═══ Data provided ═══

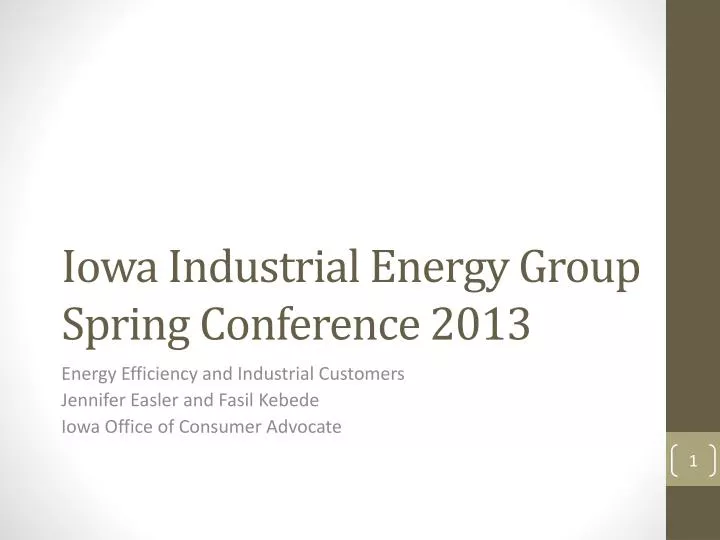 iowa industrial energy group spring conference 2013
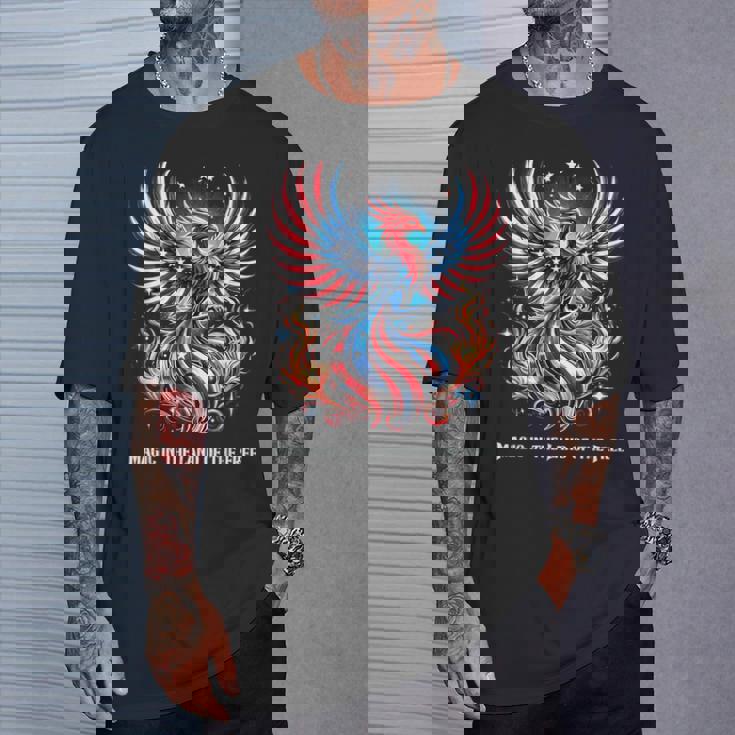 アメリカ神話 伝説のクリーチャー アメリカンフェニックス 自由の鳥 復活 火の鳥 Tシャツ 彼への贈り物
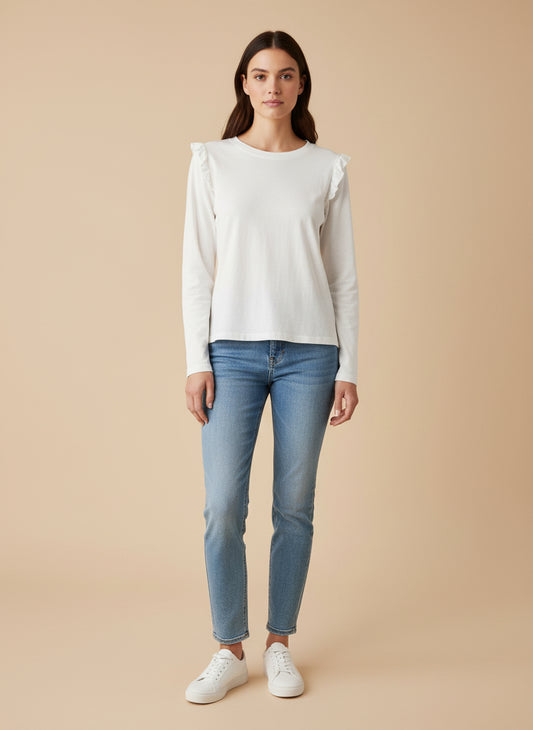 Camiseta de manga larga con volantes en los hombros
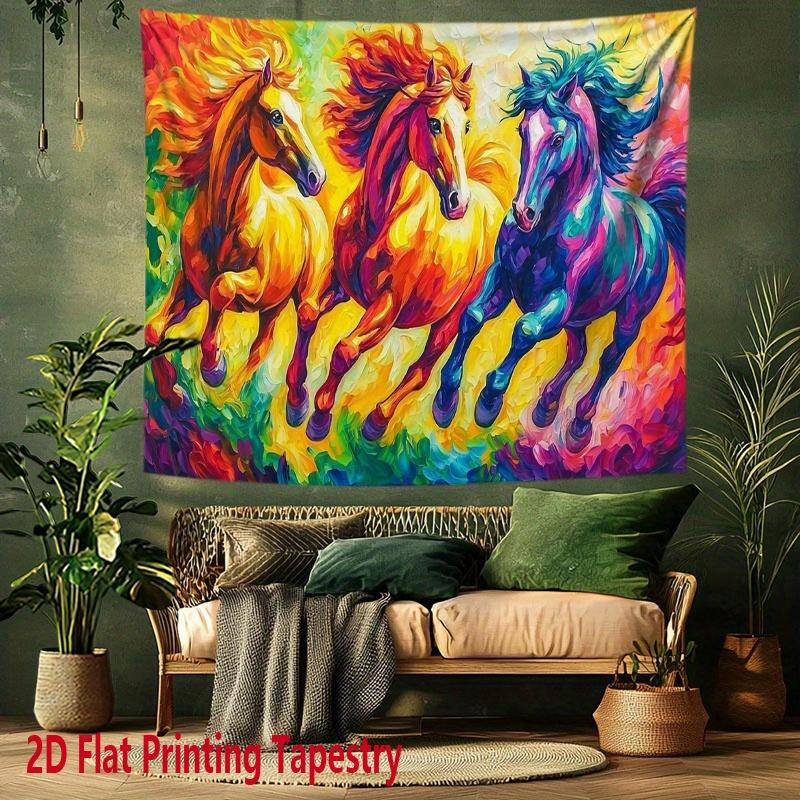 Brightly colored galloping horse Digital printing polyester wall tapestry suitable for use in living bedrooms offices bars party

═══

* The task: Reproduce all the data as it stands. The pictures are not part of the copy.

* Written answer:
 iowa industrial energy group spring conference 2013
 アメリカ神話 伝説のクリーチャー アメリカンフェニックス 自由の鳥 復活 火の鳥 Tシャツ 彼への贈り物
 Camiseta de manga larga con volantes en los hombros
 Brightly colored galloping horse Digital printing polyester wall tapestry suitable for use in living bedrooms offices bars party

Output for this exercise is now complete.